The Scholastics used to ask “does predestination place anything in the predestined?” A relevant question indeed concerning Acts 4:28. Consider the translation change from the 1984 NIV to the 2012 ISV:
“They did what your power and will had decided beforehand should happen.” 1984 New International Version
“to carry out everything that your hand and will had predetermined to take place” 2012 International Standard Version
The NIV speaks of God’s choice – a mental resolution on His part – the ISV speaks of God’s actions impacting and determining the events. In the NIV, God’s mind is set; in the ISV the events are set. The Greek term proorizo is flexible in either direction – both translations are permissible. Yet the ISV clarifies the ambiguous term in favor of Calvinism.
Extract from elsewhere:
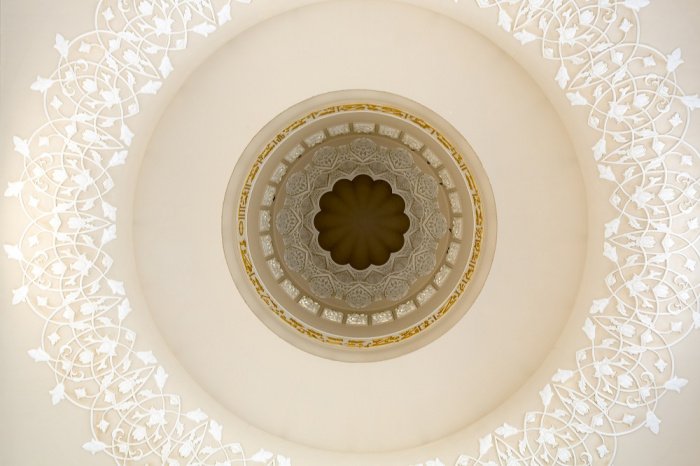 Мечеть шейха Зайда в Абу-Даби, ОАЭ (Фото: elements.envato.com).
The argument for determinism based on the ISV is simple – God predetermined sinful actions for which man is morally responsible, therefore compatible determinism is true. But this argument is not quite so straightforward based on the NIV. Yes God decided it would happen, but the passage is silent on why God so decided and more importantly how the events would come about. Given God knew the sinful desires and intentions of the Jews, God need only hand Christ over – give them the opening to do what they wanted. Determinism does not flow from the NIV the way it does from the ISV.
I understand the passage in the NIV sense, God’s choice or plan. I take this view because it’s grammatically and contextually likely and because it reconciles with my understanding of the balance of scripture. But as far as translations go, if the Greek is ambiguous, the English should be as well. So I like the ASV “to do whatsoever thy hand and thy council foreordained to come to pass.”